きょうは、連休中ではあったけれど、近所の公民館でやっているアートスクールの体験講座を受けてみることにした。家族4人で参加した。 先生は70代くらいの女性。子ども向けの講座歴40年。画家で、本の挿絵も描いている。ただ、しゃべらないむすことは好対照で、むすこの反応を待たず、マシンガンのようにしゃべりつづける方だった。先生は、しゃべらないむすこの反応が見えにくく、不安になったようだ。 おりがみ、いろんな形状に紙が切れるハサミ、ステンシル、虹色の色鉛筆――。いろいろと教材を持ってきてくれた。
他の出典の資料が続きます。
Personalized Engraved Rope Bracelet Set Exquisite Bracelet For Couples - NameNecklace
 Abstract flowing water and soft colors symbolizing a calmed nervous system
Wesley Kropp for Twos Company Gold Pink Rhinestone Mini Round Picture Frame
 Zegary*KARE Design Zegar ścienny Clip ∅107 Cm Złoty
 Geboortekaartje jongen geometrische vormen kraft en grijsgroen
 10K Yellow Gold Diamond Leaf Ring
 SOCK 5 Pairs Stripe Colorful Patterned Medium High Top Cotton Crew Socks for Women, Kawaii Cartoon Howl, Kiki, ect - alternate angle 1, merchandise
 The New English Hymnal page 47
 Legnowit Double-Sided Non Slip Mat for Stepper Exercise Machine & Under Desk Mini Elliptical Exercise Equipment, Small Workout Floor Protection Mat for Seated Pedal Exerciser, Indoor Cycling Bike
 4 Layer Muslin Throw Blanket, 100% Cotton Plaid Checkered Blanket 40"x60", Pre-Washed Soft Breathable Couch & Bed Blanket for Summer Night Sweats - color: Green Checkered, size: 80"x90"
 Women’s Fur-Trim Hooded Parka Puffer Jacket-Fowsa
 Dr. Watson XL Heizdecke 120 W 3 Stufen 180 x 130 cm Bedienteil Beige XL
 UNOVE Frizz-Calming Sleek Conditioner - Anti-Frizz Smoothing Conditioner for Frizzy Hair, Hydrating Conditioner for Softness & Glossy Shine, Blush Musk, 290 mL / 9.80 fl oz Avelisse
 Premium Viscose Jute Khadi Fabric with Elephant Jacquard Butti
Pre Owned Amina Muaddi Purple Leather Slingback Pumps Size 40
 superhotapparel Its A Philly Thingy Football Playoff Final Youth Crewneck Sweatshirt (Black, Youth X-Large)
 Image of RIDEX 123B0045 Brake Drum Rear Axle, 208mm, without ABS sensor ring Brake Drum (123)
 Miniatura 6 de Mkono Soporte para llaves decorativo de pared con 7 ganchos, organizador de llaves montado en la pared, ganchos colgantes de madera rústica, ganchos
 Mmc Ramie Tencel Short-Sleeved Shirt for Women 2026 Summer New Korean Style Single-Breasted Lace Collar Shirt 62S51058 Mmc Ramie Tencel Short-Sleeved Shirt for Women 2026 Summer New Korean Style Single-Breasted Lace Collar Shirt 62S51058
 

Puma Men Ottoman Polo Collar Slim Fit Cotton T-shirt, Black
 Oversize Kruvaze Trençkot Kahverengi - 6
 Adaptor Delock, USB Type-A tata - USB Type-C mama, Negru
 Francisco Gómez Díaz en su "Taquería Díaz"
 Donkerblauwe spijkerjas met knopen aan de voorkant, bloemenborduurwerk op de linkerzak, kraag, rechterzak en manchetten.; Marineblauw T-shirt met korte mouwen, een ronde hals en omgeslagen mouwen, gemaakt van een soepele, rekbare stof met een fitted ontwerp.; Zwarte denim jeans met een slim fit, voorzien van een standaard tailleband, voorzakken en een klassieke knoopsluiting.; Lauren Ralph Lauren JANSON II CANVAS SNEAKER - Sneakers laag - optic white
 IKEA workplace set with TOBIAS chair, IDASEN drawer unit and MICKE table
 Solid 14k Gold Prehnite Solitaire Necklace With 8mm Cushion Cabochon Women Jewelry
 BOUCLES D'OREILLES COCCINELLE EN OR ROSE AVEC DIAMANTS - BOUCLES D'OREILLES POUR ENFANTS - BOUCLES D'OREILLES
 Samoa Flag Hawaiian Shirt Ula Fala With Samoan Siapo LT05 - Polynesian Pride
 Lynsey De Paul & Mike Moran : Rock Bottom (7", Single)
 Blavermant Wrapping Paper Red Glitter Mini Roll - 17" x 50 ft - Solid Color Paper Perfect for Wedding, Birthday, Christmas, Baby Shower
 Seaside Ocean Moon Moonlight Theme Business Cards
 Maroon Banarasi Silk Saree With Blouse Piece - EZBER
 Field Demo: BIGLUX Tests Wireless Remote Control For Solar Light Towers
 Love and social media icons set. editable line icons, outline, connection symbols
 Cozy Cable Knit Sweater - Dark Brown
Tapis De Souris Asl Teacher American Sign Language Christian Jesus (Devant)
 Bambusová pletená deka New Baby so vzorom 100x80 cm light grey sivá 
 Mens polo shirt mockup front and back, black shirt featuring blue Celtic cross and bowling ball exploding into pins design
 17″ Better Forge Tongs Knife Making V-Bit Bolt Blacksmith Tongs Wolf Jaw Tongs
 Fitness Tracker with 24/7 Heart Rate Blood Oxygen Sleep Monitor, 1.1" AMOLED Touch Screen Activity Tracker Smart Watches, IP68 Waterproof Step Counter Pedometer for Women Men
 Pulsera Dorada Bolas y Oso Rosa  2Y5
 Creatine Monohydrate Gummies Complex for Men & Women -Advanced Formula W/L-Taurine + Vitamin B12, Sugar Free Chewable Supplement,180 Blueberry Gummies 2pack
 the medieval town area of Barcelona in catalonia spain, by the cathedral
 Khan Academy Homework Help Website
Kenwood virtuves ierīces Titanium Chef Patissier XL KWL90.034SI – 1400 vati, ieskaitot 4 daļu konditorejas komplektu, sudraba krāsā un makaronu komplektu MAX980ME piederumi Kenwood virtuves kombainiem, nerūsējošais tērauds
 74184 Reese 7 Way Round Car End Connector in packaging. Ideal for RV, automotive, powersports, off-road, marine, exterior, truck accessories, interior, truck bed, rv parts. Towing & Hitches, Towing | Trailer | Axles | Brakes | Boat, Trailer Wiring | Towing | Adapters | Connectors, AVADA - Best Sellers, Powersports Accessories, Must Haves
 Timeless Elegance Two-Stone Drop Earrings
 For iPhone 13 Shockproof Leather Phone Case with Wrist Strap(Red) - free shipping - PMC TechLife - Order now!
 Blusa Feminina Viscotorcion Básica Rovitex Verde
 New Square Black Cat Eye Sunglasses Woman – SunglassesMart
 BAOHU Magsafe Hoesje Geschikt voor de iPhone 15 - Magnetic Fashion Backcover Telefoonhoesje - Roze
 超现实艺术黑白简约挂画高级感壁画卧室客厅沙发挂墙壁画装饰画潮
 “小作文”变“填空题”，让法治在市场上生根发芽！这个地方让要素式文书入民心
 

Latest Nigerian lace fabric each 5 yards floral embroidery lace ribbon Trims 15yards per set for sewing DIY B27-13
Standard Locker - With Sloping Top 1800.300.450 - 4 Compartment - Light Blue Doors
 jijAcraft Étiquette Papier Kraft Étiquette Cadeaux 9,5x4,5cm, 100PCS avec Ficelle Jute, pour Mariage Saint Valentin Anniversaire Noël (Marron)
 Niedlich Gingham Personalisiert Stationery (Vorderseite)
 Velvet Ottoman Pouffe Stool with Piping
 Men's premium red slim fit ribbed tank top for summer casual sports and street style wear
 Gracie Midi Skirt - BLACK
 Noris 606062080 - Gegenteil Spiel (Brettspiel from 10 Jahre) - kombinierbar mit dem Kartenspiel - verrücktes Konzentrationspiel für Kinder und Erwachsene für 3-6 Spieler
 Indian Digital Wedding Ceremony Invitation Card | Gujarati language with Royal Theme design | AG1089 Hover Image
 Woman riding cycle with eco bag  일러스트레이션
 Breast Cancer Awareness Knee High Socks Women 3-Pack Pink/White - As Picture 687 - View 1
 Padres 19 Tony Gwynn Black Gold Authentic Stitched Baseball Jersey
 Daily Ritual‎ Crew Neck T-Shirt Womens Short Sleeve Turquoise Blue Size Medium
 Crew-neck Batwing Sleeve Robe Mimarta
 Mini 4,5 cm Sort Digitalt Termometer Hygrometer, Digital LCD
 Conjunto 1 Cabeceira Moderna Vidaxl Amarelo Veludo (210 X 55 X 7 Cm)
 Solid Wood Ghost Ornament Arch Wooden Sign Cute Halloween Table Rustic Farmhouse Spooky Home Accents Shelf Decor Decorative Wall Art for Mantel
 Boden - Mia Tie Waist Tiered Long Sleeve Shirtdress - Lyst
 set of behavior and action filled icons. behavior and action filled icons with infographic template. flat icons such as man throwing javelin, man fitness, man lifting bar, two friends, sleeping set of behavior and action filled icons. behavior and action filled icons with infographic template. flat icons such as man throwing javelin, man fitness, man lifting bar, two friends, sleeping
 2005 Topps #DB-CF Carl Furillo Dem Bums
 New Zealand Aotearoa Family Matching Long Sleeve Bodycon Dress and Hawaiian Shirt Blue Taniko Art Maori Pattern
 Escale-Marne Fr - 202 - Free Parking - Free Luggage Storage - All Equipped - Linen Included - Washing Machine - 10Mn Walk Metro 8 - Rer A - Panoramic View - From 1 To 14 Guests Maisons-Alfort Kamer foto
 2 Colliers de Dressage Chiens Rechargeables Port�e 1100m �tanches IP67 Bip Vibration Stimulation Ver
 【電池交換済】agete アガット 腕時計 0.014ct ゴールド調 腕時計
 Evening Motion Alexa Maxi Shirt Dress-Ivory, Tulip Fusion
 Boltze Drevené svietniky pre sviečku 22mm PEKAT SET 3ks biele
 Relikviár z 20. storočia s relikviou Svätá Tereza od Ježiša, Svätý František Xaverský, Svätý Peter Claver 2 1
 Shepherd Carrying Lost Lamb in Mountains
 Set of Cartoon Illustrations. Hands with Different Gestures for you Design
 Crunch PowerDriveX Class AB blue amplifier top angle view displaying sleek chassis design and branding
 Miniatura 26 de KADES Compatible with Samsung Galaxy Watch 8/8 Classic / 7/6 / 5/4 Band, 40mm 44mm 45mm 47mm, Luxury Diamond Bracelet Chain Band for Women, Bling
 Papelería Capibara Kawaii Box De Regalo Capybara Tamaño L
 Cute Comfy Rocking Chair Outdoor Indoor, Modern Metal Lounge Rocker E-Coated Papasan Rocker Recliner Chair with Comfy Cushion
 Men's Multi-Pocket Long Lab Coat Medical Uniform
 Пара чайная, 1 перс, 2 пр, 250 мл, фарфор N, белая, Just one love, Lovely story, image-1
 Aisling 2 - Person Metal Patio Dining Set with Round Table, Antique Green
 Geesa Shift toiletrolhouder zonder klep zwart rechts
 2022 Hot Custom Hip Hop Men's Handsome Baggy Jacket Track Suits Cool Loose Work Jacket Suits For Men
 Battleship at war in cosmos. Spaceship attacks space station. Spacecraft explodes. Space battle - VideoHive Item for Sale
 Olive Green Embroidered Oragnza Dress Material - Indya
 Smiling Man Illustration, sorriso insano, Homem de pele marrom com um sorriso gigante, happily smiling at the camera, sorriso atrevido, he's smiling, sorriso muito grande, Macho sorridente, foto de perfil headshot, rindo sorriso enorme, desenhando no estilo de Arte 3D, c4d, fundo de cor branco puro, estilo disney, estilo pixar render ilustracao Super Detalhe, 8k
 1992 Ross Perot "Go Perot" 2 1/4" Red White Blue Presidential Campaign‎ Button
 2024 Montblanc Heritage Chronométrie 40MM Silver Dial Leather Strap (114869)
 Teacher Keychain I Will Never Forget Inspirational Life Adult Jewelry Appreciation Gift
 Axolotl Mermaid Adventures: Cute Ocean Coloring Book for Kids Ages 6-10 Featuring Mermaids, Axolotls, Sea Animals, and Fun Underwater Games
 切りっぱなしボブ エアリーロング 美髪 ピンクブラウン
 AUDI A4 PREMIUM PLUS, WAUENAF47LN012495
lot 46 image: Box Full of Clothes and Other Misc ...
ただ、むすこが目を輝かせて、やり出そうとしているのに、むすこがしゃべらないゆえ、焦っている。 「あれ、興味ないのかな?」と、つぎの教材をすぐに出したり、ハサミを使おうとしているのに幼児のように「危ないよ」などと注意をしたり、「あれをつくって、これを描いて」などと、命じはじめたり。 他の子だと、声を出して喜ぶのかもしれないが、むすこは、そういった反応がない。先生が不安になっていくようだ。「ごめんねー、なにが好きかわからなくて」と反省したりする。かたわらで夫婦で様子を見ながら、むすこは、むしろやろうとしてますけど……と思っていた。 「いまやろうとしてますのでー……」などと、妻も何度かフォローに入ろうとしたりもしていたが、先生は話し続け、落ち着かない。 1時間をすぎたころには、むすこは「もう帰るー」と言いだしてしまった。 とりわけ、マグネットシートを切らせてもらったのは本人としては楽しかったようなのだが、「チューリップをつくって」「鉢植えをつくって」などと次から次に指示を変えられたり、「この切り方じゃ危ない」とハサミをとられたりして、だんだんつまらなくなってしまったようだ。 放っておいてほしいな・・・。 小学校のお受験の面倒もよく見ていると先生は語り、教室で子どもたちがつくった制作物の写真を見せてもらった。どの作品も、大人がみてうまいなあと思う出来栄え。年齢に応じて、こういう絵が描けるようになるといい、というノウハウがあるそうで、それが受験対策にもなると教えてくれた。 アート系の活動は、自由に伸び伸びやるものと思っていたのだが、〝習いごと〟となると、その分野ならではの「競争」の要素が入り込んでくることもあるようで、少し驚く。我が家が求めている「居場所」とは、方向性が違うようだった。 体験授業を終えて、帰る道すがら、「つまらなかったよねー」という話をしていたら、むすこも我が意を得たりという表情をして、「バカバカー」と言っていた(最近はストレスが溜まるとこう言う)。 むすこが、ストレスを溜めただけだったかもしれない――。と、夫婦で落胆した。だが、むすこは家に帰ったあと、もらってきた体験授業の材料を床に広げ、黙々と、制作物をつくってあそんでいた。 「これがユラユラ椅子、山、チューリップ、イルカ、魚、おばけ」などと、つくったものを教えてくれた。 やはり、やりたかったんだよね。

我が家の家族構成: むすこの父である筆者は、本づくりや取材執筆活動を行っている。取材や打ち合わせがなければ自宅で働き、料理以外の家事を主に担当。妻は、教育関係者。基本的には9時~17時に近い働き方をしていて、職場に出勤することが多い。小1のむすこのほかに、保育園に通うむすこもいる。

【書き手】末沢寧史。異文化理解を主なテーマとする、ノンフィクションライター、絵本作家。出版社勤務を経て独立。絵本作品に「海峡のまちのハリル」(小林豊・絵、三輪舎)。出版社どく社を仲間と実験中。妻は教育関係者。本連載では、むすこの小学校入学直後に直面した行きしぶりと不登校をきっかけに、子どもという「異文化」について記します。